La coupe transversale d’une gyre océanique ressemble à une pile de bols emboîtés, stratifiés par densité : Les couches chaudes et légères se trouvent à la surface, tandis que les eaux plus froides et plus denses constituent les couches plus profondes. Le phytoplancton vit dans les couches supérieures ensoleillées de l’océan, où les microbes ont besoin de lumière solaire, de températures chaudes et de nutriments pour se développer.
Lorsque le phytoplancton meurt, il coule à travers les couches de l’océan sous forme de « neige marine ». Une partie de cette neige relâche des nutriments dans le courant, où ils sont pompés pour nourrir de nouveaux microbes. Le reste de la neige s’enfonce hors du tourbillon, jusqu’aux couches les plus profondes de l’océan. Plus la neige s’enfonce, plus il est difficile de la pomper vers la surface. La neige est alors piégée, ou séquestrée, avec le carbone et les nutriments non libérés.
Les océanographes pensaient que la principale source de nutriments dans les gyres subtropicaux provenait de la recirculation de la neige marine.
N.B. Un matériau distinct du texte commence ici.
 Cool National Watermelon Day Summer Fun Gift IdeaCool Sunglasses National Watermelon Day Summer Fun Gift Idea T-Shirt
Mais comme une partie de cette neige coule inévitablement au fond, il doit y avoir une autre source de nutriments pour expliquer la bonne santé des populations de phytoplancton à la surface. La nature exacte de cette source « laisse la communauté océanographique un peu perplexe depuis un certain temps », déclare M. Gupta.
Dans sa nouvelle étude, l’équipe a cherché à simuler un tourbillon subtropical pour voir quelles autres dynamiques peuvent être à l’œuvre. Ils se sont concentrés sur le tourbillon du Pacifique Nord, l’un des cinq principaux tourbillons de la Terre, qui circule dans la majeure partie de l’océan Pacifique Nord et s’étend sur plus de 20 millions de kilomètres carrés.
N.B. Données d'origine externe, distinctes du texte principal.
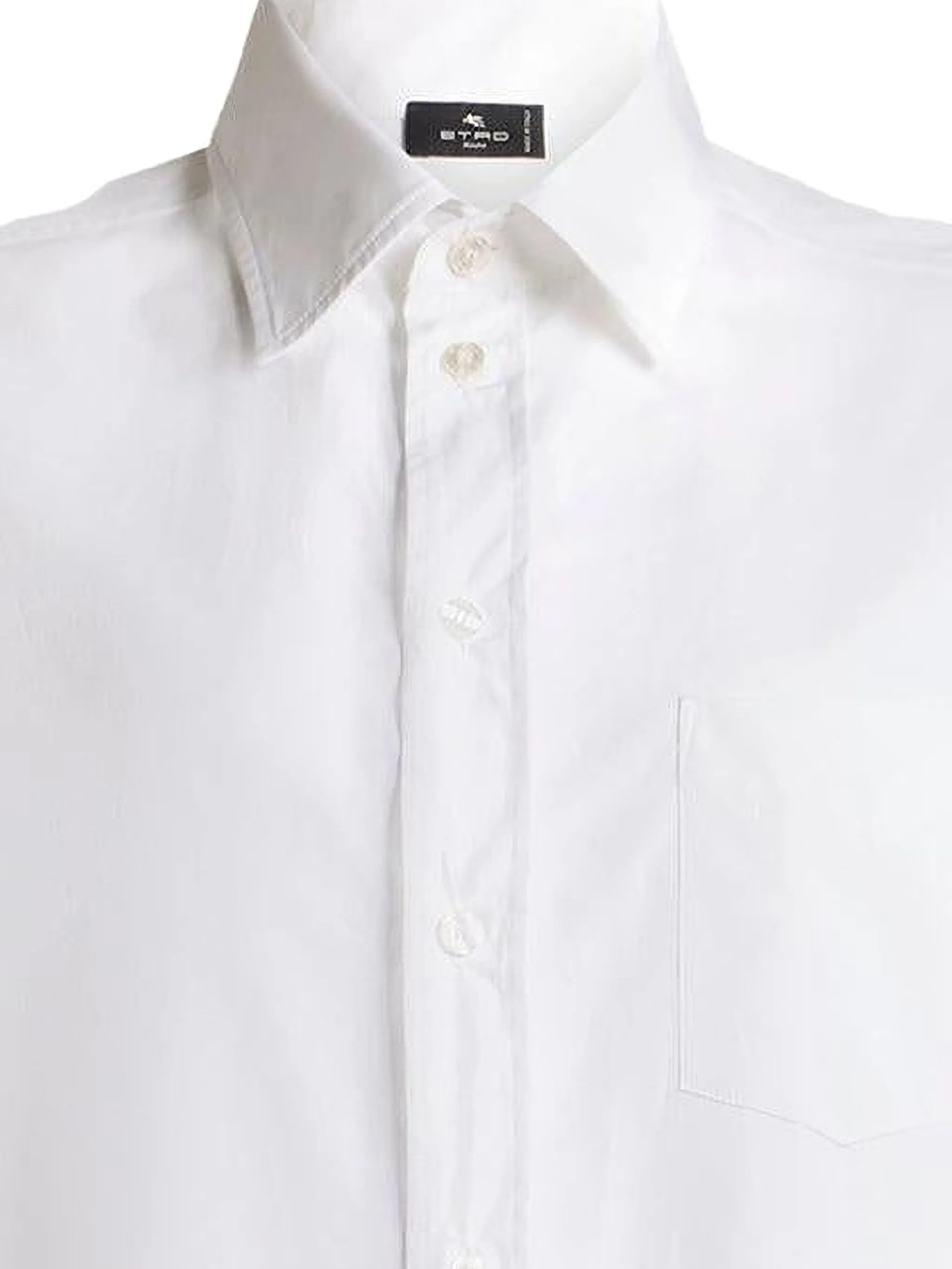 Loose Fit Classic Collar Minimalist Shirt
L’équipe a commencé par utiliser le MITgcm, un modèle de circulation générale qui simule les modèles de circulation physique dans l’atmosphère et les océans. Pour reproduire la dynamique de la gyre du Pacifique Nord de manière aussi réaliste que possible, l’équipe a utilisé un algorithme MITgcm, précédemment développé à la NASA et au MIT, qui règle le modèle pour qu’il corresponde aux observations réelles de l’océan, telles que les courants océaniques enregistrés par les satellites et les mesures de température et de salinité prises par les navires et les dériveurs.
« Nous utilisons une simulation de l’océan physique qui est aussi réaliste que possible, compte tenu des mécanismes du modèle et des observations disponibles », explique M. Lauderdale.
Une animation de l’océan Pacifique Nord montre les concentrations de nutriments phosphatés à 500 mètres sous la surface de l’océan. Les remous représentent de petits tourbillons transportant le phosphate de l’équateur riche en nutriments (couleurs claires) vers le nord, en direction des régions subtropicales pauvres en nutriments (couleurs plus sombres). Ce mécanisme de relais des nutriments contribue à soutenir l’activité biologique et la séquestration du carbone dans l’océan subtropical.